多国籍企業が講じている節税対策は、合法的ではあるものの、不当行為であるという見方があります。これは法に反しているわけではないが、企業活動を行なう上で正当行為ではないという考え方に基づいています。イギリスではこういった考え方を「倫理が欠如している」と表現し、多国籍企業から税徴収するための法律の必要性が検討され、議会で可決されたのです。

またイギリスでは「企業が不適切に低税率国に資本を動かしたかどうか」を税徴収するボーダーラインとし、具体的なガイドラインや基準の作成は各国政府に委ねられている形になっているのが現状です。

日本でもGoogle(グーグル)税はあり得るのか?

現在の日本の取り組み

日本の法人税法も、毎年様々な改正が行われていますが、急速にグローバル化、ボーダーレス化される経済活動に対応できていない部分もあります。法人税法の国際的な統一基準を設けることも検討すべきではないでしょうか。

また日本においては、

・租税徴収において公平・中立・簡素を基軸としていること
・超高齢化社会への突入に伴い、税源確保が緊急課題である点

から、多国籍企業への租税対策は重要な問題になりつつあり、向こう2~3年内には何らかの対策が講じられるものと考えられています。

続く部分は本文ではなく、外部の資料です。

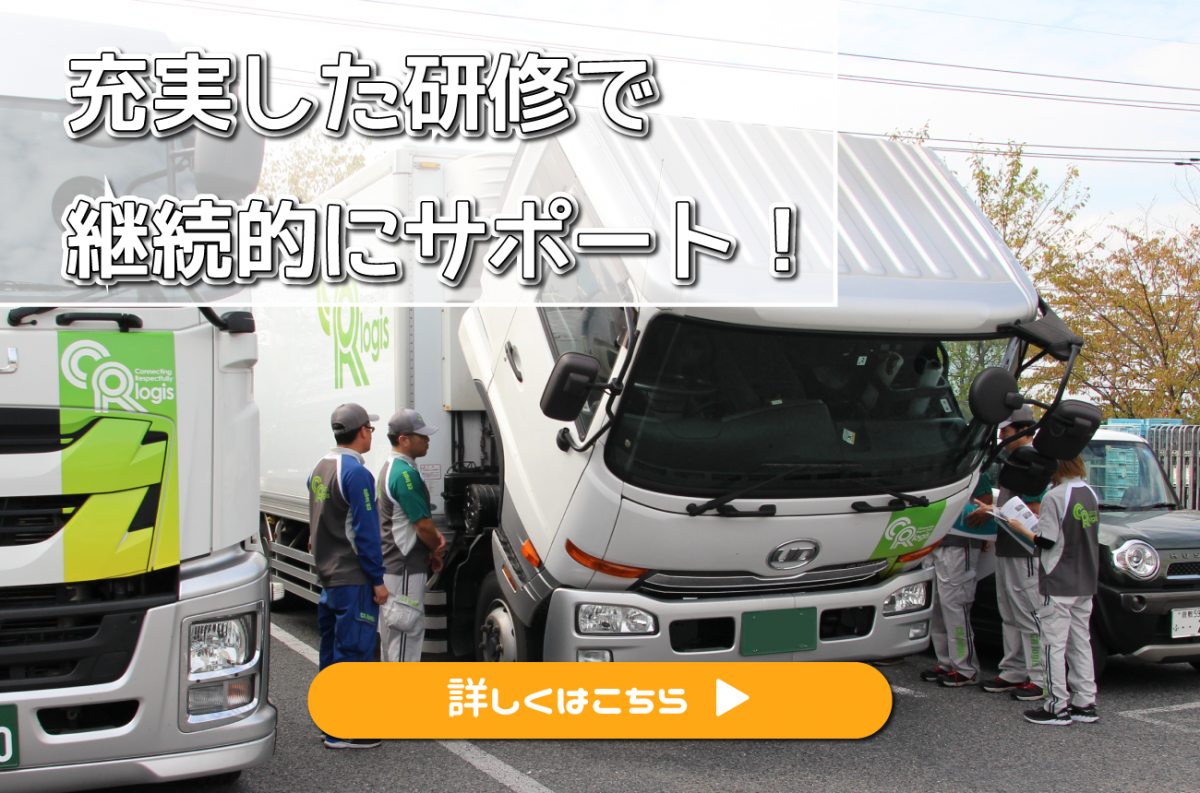 【玉島】６トンバルク車　大型運転手[正社員]［日帰り運行］［中高年活躍中］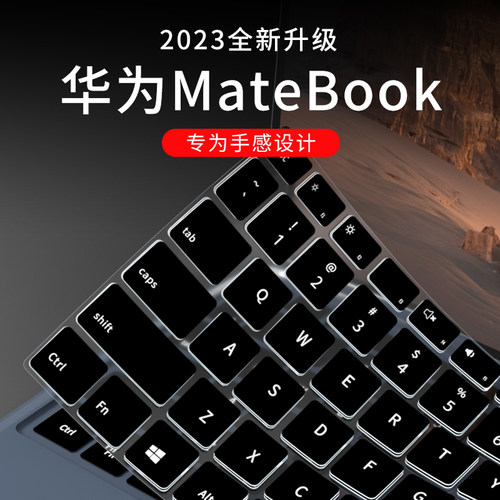 适用于华为MateBook电脑键盘膜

もしも日本がGoogle(グーグル)税を導入するとしたら

実際にGoogle社はスペインでの著作権に係る法改正の影響を受けて、GoogleNewsスペイン版の閉鎖を決定しました。この改正は税金が新たに課されるものではないものの、これまで無料であった各記事の著作元に対する使用料の支払いを強制されることとなりました。GoogleNewsは広告収入を得るものではないため、使用料を支払うのであればサービスの提供そのものを停止せざるを得ないという判断になったようです。

多国籍企業に対しグーグル税を納めるシステムが日本国内で制定されてしまったら、GoogleやAmazon、Appleが日本から撤退するというシナリオも考えられなくはありません。実際にAmazon社は日本の法人税を納めておらず、国税庁から追徴課税140億円を請求されましたが、日米当局間の協議によりその請求が退けられています。

企業のグローバル化が進むにつれて、今後個別に対応していくことはますます困難となり、日本でも法人税法の見直しが必要な局面を迎えています。

まとめ

合法的に節税対策を行なっている多国籍企業に対して納税を課すことで、納税するくらいなら撤退するという選択は、あり得ない話ではありません。撤退した場合、日本においてサービスの利用ができなくなることや、経済活動が一時的に停滞することが考えられます。

一度、多国籍企業が展開するサービス提供が凍結されてしまうと、日本の経済活動が一時的に後退することも考えられます。しかしながら、これをきっかけに新たなサービスを提供するドメスティック企業が出てきたり、既存のサービスが拡充される可能性もあるでしょう。

グローバル化が進む現代において多国籍企業が各国の市場から完全に手を引くことは、考えにくく、最後は各国政府と折り合いをつける形になると思われます。しかし、国際的に統一した徴収システムやガイドラインを定めなければ、多国籍企業と各国政府との争いは、永遠に続くことになるでしょう。

※掲載している情報は記事更新時点のものです。